Given data:
::::::::

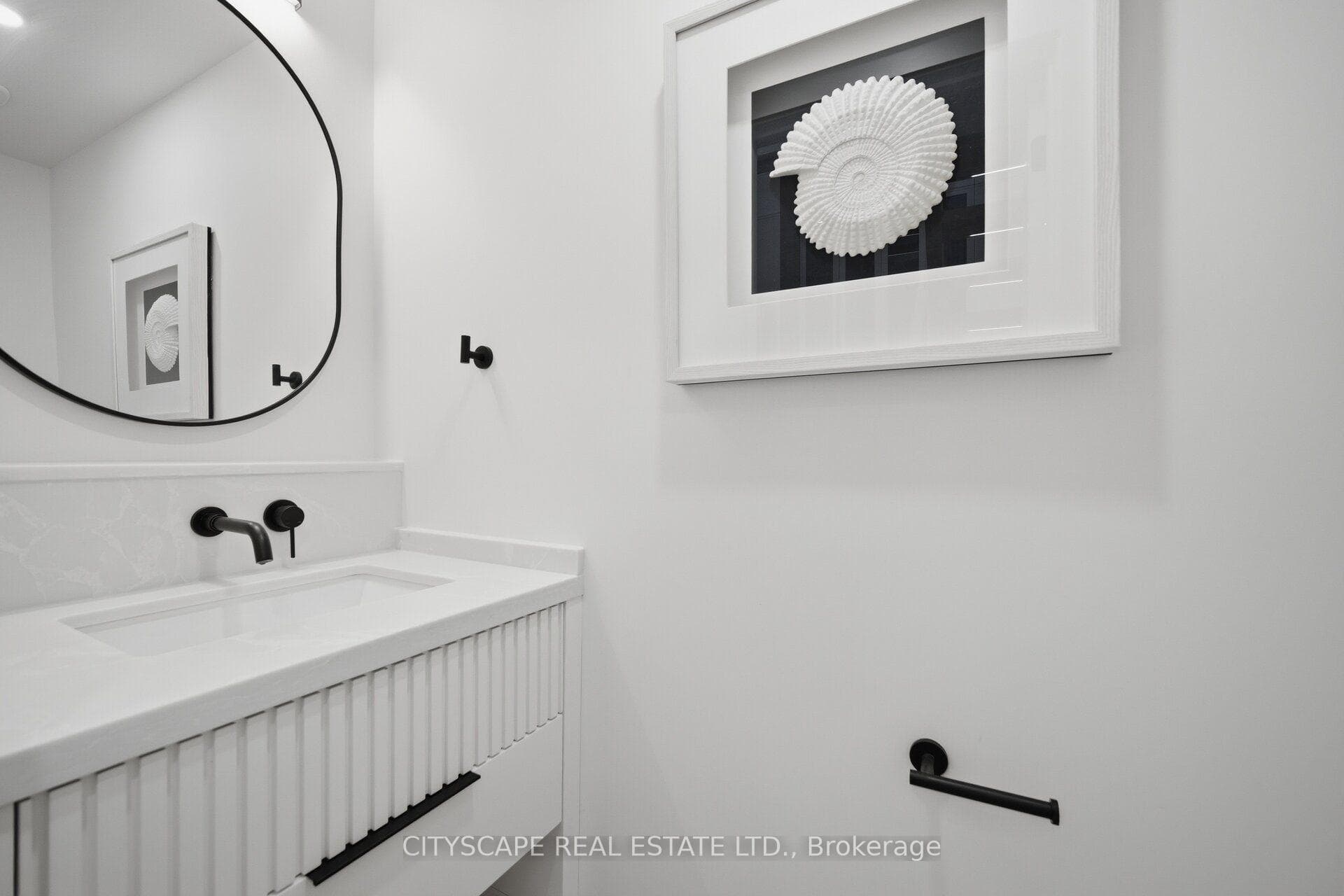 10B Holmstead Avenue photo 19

::::::::

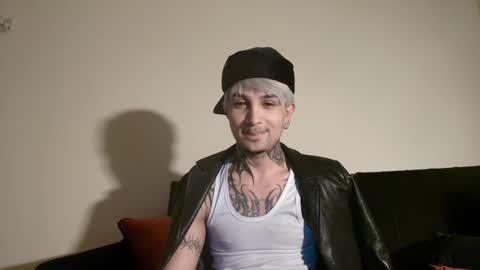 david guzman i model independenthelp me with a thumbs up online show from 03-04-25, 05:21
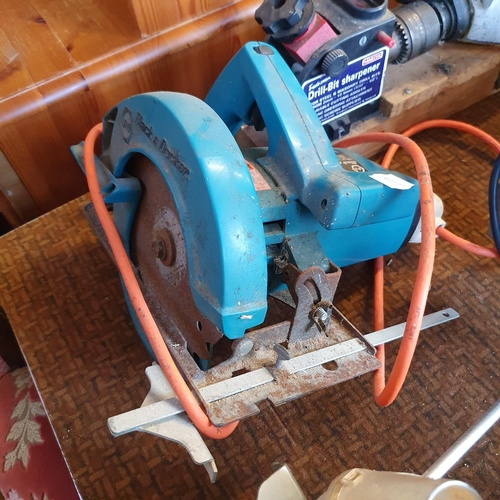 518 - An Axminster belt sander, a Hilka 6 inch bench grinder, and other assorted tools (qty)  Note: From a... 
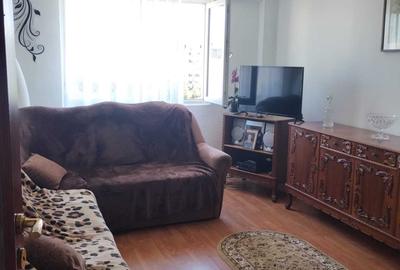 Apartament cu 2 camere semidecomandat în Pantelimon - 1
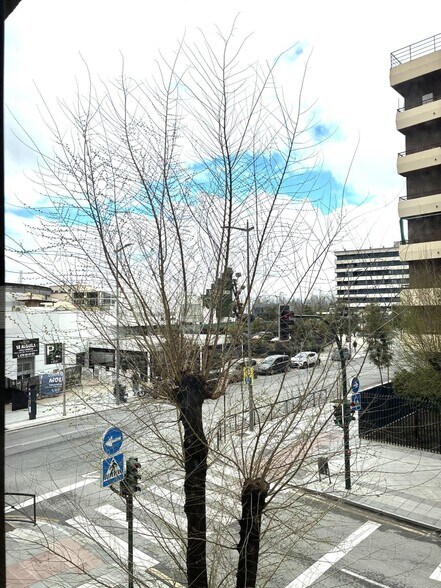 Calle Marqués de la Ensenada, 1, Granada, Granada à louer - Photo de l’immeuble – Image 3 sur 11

::::::::

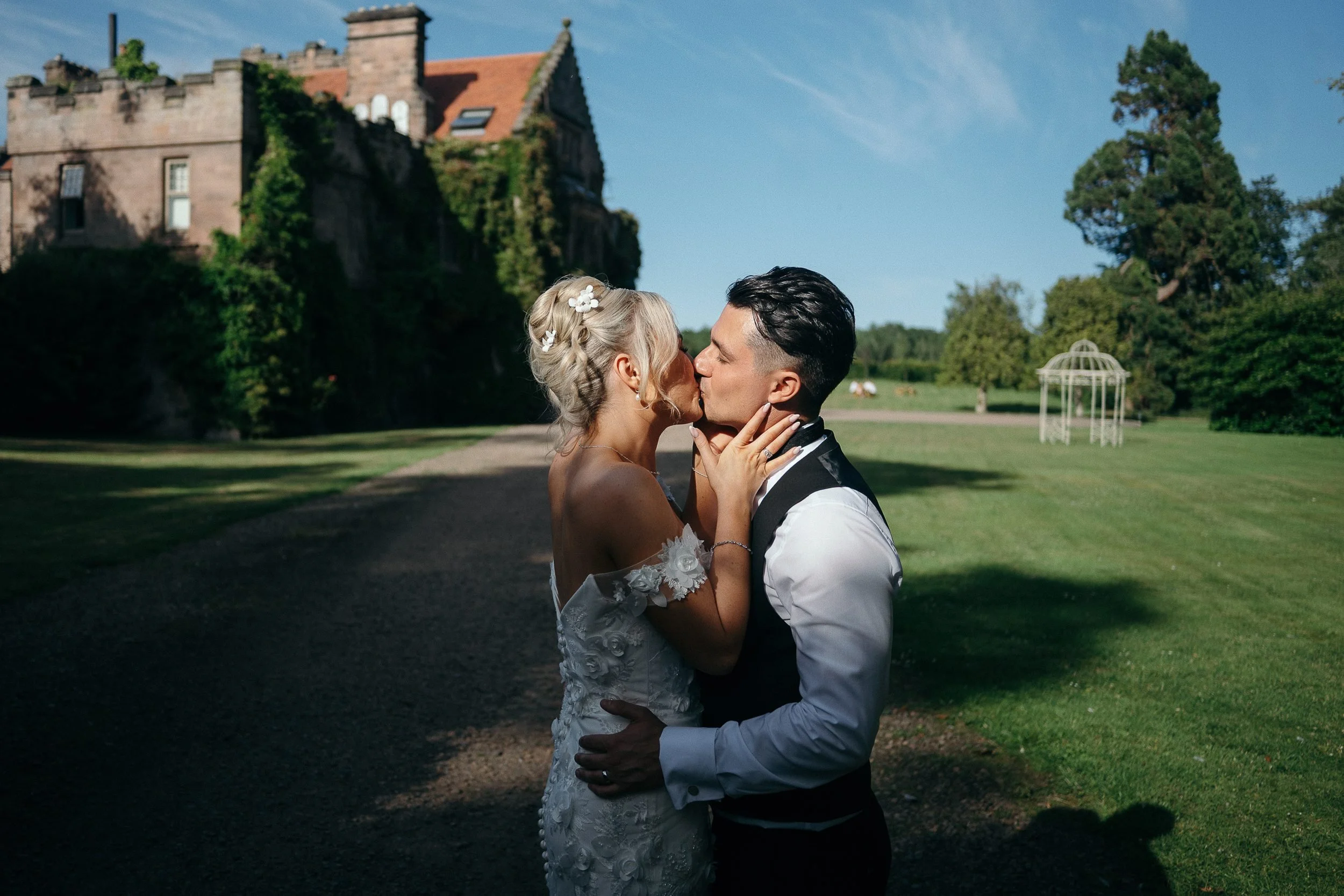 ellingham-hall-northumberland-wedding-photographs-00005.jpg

::::::::

What you should do: Would you print exactly the lines in the listing above, from the line bearing "Apartament cu 2" through the line bearing "Calle Marqués de", leaving out all pictures?

Output for this exercise:
 Apartament cu 2 camere semidecomandat în Pantelimon - 1
 Calle Marqués de la Ensenada, 1, Granada, Granada à louer - Photo de l’immeuble – Image 3 sur 11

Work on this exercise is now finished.